I RECEIVED A DRC FROM THE PUBLISHER VIA NETGALLEY. THANK YOU.
My Review: At 39, Lionel Messi owns the World Cup scoring all-time record: 18 goals at the FIFA World Cup, the most by any player in the tournament's history. He's amassed his record over the course of six appearances; the sixth-place scorer with 13 all-time World Cup goals achieved twelve of those thirteen in one World Cup in 1958. We are, in other words, talking about the absolute pinnacle of the sport's possibilities.
Lionel Messi won't keep his record, most likely, as a 27-year-old Paris native called Mbappé is tied for fourth in this astoundingly talented pool of athletes with a long career ahead.
Bear in mind this data is being spouted by a midcentury-modern old queer guy who loves baseball since the 1969 Miracle Mets shat on the Orioles in game seven of the misnamed World Series, grew up in the fatherland of high-school football mania (Friday Night Lights was a documentary, people), and eschews all television...and I still know this stuff. Soccer has come a very very long way in the US since 1994 when MLS was first organized after the first-ever US-hosted World Cup.
Author Tenorio traces the growth of the sport through the lens of Messi's career. As a huge media market, the US has been the Great White Whale of soccer forever. It's been the Messi years that have turbocharged the sport's rise here. Politics, logistics, demographics, marketing are all discussed by sports journalist Tenorio as he brings all the relevant developments and history together for future fans.

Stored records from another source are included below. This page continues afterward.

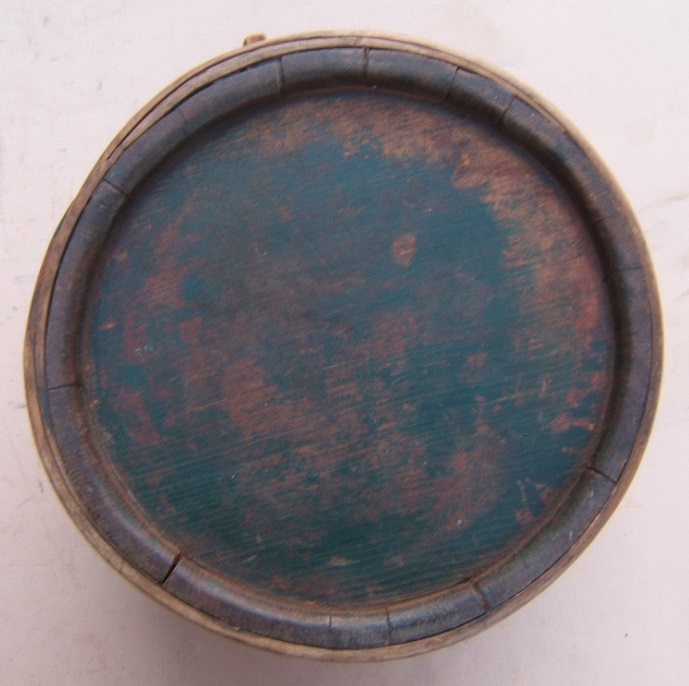 A LARGE & RARE AMERICAN REVOLUTIONARY WAR PERIOD AMERICAN SOLDIER'S  WAGON TYPE CANTEEN, ca. 1770view 2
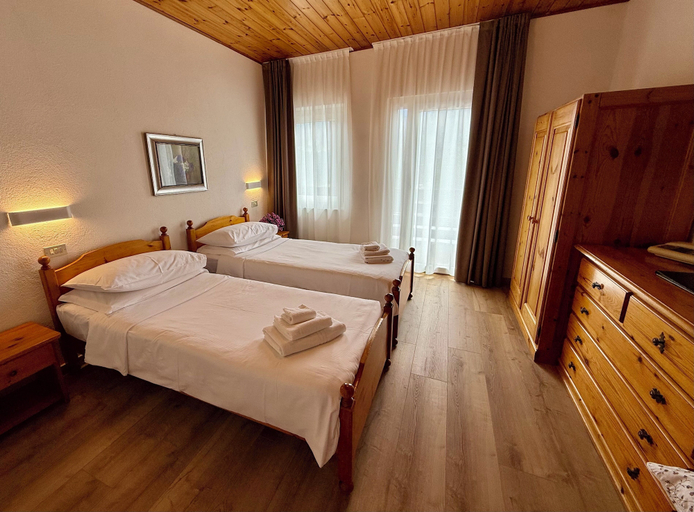 Bedroom 3, Hotel Latemar, Trento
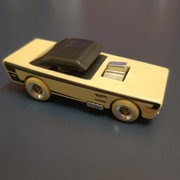 Hot Wheels Small Bloc 2024 tan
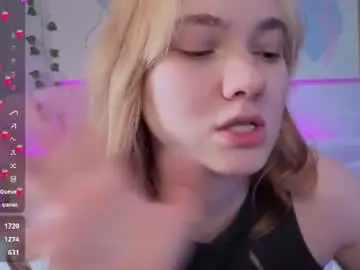 Chaturbate Live Sex Cam of alisa_lesly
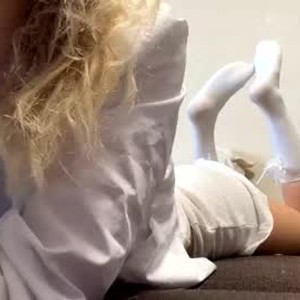 chaturbate emma2445 Live Webcam Featured On elivecams.com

As with all human endeavors, the gigantic oceans of cash sloshing into the World Cup's governing body has led to breathtaking corruption and appalling capitulation to moneyed interests' importuningsfor more and more and more of a share in the pilf. There has never been another way for it to be, so of course it's what's happening now. (Eg, the water breaks making Fox/Disney very very very rich.) Author Tenorio doesn't gloss over greed. Messi's career as his lens means he's got a lot of time-relevant data about scandals galore. The FIFA Peace Prize, anyone?
A lovely gift for your newly minted soccer/football fan, one that will catch them up on why the US seems finally-at-last to be getting on the global sports train. I will not be dull, if this read is any indicator.